Forrest's blood thirsty nature was not reserved for only African-Americans. He found a man and a boy without papers near Selma, Alabama and had them shot for desertion, placing a sign above their dead bodies to that effect. Their bodies were left out for two days on display before they were buried. Later evidence turned out that they had been discharged. Is this the "good man" Billy Parker was referring to?
Tommy Hazouri, who voted to keep the name, said that it was unknown who the real Forrest was. Yet accounts do tell us who the real Nathan Bedford Forrest was despite Hazouri's feeble attempt to justify his vote. Forrest was a human trafficker who made a fortune off of selling human beings into bondage without respect to even keeping family structure together. A Civil War newspaper account reported that Forrest personally administered beatings once stretching out women and beating them with a leather thong soaked in saltwater. Surely a person capable of this kind of cruelty would never be commemorated by having anything associated with the molding and sculpting of young minds as his "namesake"?

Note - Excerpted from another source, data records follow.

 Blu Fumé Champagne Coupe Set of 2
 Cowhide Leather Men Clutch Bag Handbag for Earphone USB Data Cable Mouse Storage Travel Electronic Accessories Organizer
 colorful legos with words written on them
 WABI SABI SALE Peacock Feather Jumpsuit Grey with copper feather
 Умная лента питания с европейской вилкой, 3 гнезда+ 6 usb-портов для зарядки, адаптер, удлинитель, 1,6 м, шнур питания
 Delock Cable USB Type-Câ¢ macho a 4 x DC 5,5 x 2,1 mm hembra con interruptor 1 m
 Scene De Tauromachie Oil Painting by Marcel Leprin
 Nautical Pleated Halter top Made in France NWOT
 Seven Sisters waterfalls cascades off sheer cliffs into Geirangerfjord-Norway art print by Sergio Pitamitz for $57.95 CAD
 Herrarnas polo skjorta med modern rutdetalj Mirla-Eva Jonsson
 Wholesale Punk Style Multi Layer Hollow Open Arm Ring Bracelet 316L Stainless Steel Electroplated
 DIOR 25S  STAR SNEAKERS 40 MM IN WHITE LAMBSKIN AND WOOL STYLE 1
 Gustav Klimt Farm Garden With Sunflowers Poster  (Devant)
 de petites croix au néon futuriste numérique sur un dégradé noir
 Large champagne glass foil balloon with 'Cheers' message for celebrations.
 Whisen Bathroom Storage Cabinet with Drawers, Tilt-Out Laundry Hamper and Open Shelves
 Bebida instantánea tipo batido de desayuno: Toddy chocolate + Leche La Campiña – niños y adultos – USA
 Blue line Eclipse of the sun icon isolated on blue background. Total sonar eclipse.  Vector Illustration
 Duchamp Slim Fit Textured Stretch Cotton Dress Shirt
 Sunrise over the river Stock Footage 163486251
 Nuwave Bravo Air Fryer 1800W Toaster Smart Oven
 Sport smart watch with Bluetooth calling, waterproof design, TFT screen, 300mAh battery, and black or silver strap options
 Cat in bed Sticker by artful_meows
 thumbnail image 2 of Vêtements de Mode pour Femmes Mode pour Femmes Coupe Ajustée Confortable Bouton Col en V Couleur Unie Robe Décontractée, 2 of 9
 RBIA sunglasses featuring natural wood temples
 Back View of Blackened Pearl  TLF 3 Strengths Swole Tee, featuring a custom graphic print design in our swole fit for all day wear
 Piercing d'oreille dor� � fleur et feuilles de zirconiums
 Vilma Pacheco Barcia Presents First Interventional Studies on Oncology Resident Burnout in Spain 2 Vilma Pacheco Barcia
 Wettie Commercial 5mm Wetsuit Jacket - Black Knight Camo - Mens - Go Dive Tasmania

After the war Forrest organized perhaps one of the most vile terrorist organizations this country has ever seen until 9/11. The Ku Klux Klan during Forrest's watch, in 1867 to 1869, was instrumental in keeping African-Americans from voting, obstructing attempts to integrate them into society by policies carried out by reconstructionist state governments, and went after any person who were "known sympathizers" with the same zeal as he would have any former slave.
What the Daughters of the Confederacy did in 1959 amounts to no more than forcing dishonor on every person in this city. The fact that people from our African-American community are asked to support a school that honors a rube of such 3rd rate dimensions that it bends one's mind to even ponder.
The Civil War was a human struggle with tragedies that live with us to this very day and the fact that we have a school named after perhaps one the vilest figures of the nineteenth century only serves as an admission to our failings.
The Civil War, reconstruction, and the Era of Jim Crow was the result of the elites in the south who strove to protect their institution of bondage by pitting everyday people against everyday people. Somehow that turned into racism along the way and now with time - although seeming to be unimportant - affects the very fabric of American society as hard as that may be to believe.
There is a new fight to change the name of Nathan Beford Forrest High School being organized by Professor Stoll in the hopes of accomplishing what had surprisingly failed in 2008. Hopefully enough time has passed to bring about the change that should have never had to have occurred with to begin with had our School Board pondered it so many years ago.